Isu, wacana, fakta didialogkan. Namun yang mengemuka kadang hal
"ganjil". Sebut saja politik dinasti, rendahnya IPM, kemiskinan,
kasus asusila atau "tradisi" carok.
Sebagai
warga, kadang saya risih. Risih adalah bagian dari ketersinggungan:
ketidaknyamanan pada sebuah keadaan. “Kaca mata” itu membuat semua seakan satu
resonansi.
Saya
kira Bangkalan tidak selalu tentang yang "ganjil". Maka, kata Gus
Mus, kita harus punya dua cermin: satu untuk melihat diri, satu untuk melihat
yang lain. Agar adil.
Melihat
Bangkalan perlu dua cermin. Dalam hal ini, teori Peter Benson dapat menjadi
sisi lain. Ia melihat sesuatu dari dua hal: deficit dan asset. Deficit kata
lain dari kekurangan atau keterbatasan. Asset sebaliknya: ia lebih melihat
potensi, sebuah kelebihan.
Di
balik kekurangan ada kelebihan. Itu keniscayaan. Dan, Bangkalan bagian dari
keniscayaan itu. Bangkalan punya sejarah yang menyejarah, manusia yang baik,
budaya yang luhur, dan potensi alam yang "subur".
Sejarah.
Ia bagian dari masa. Kadang ia fakta, kadang bercampur legenda. Ini yang
terjadi di kota ini.

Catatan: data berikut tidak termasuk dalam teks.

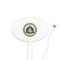 Dental Insignia / Emblem White Plastic 7" Stir Stick - Oval - Closeup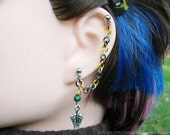 Gold, Silver and Green Leaf Connecting Cartilage Chain Earring - Woods of Lothlorien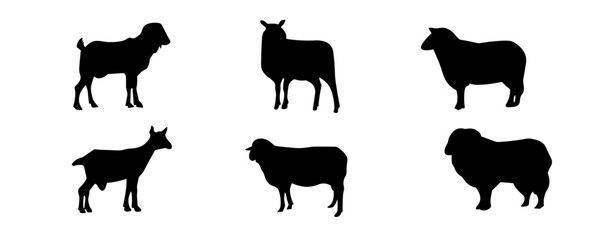 Goat silhouette collection. Collection of goat silhouettes. Isolated on White background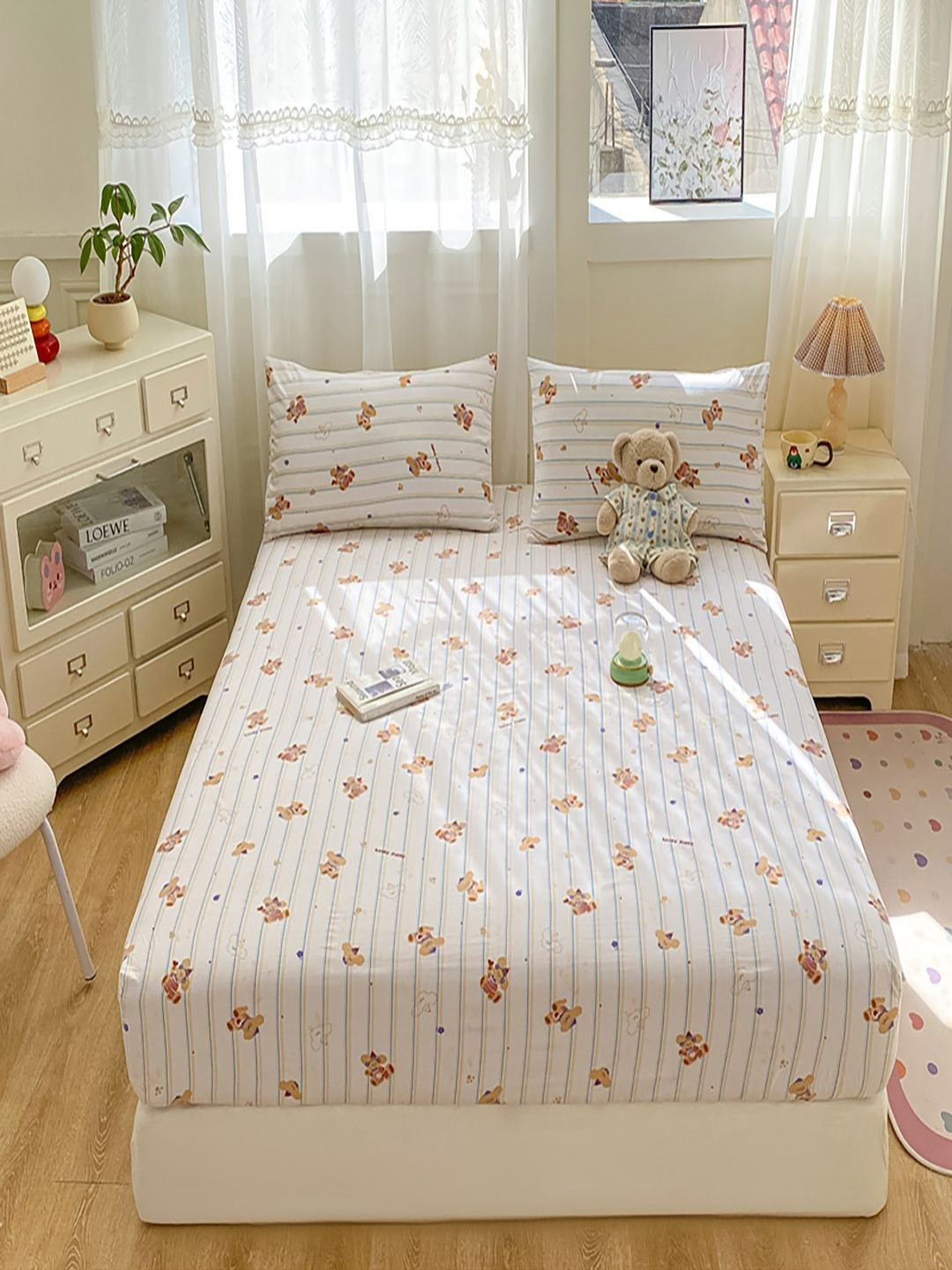 JC HOME White 140 TC Single Bedsheet - 1.20 m x 2 m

Dari nama, mayoritas masyarakat mengiyakan jika Bangkalan
berasal dari kata "bhangka la'an" (sudah mati). Terlalu keras,
menjurus kasar. Abdul Hamid Mustari, merasa perlu menegaskan, bahwa Bangkalan
bukan berasal dari “bhangka la’an”, tapi berasal dari kata "Gebang
Kulon" (daerah barat); sebuah pembagian wilayah yang dilakukan di era
kolonial. Masyarakat menyederhanakan menjadi Bang Kulon. Dengan dialek berbeda,
disebut Bangkalan.
Bangkalan
kota dzikir dan shalawat. Identitas itu tak pernah datang sendiri. Ia
dirumuskan oleh nama dan bahasa; sebuah bangunan simbol yang disusun manusia.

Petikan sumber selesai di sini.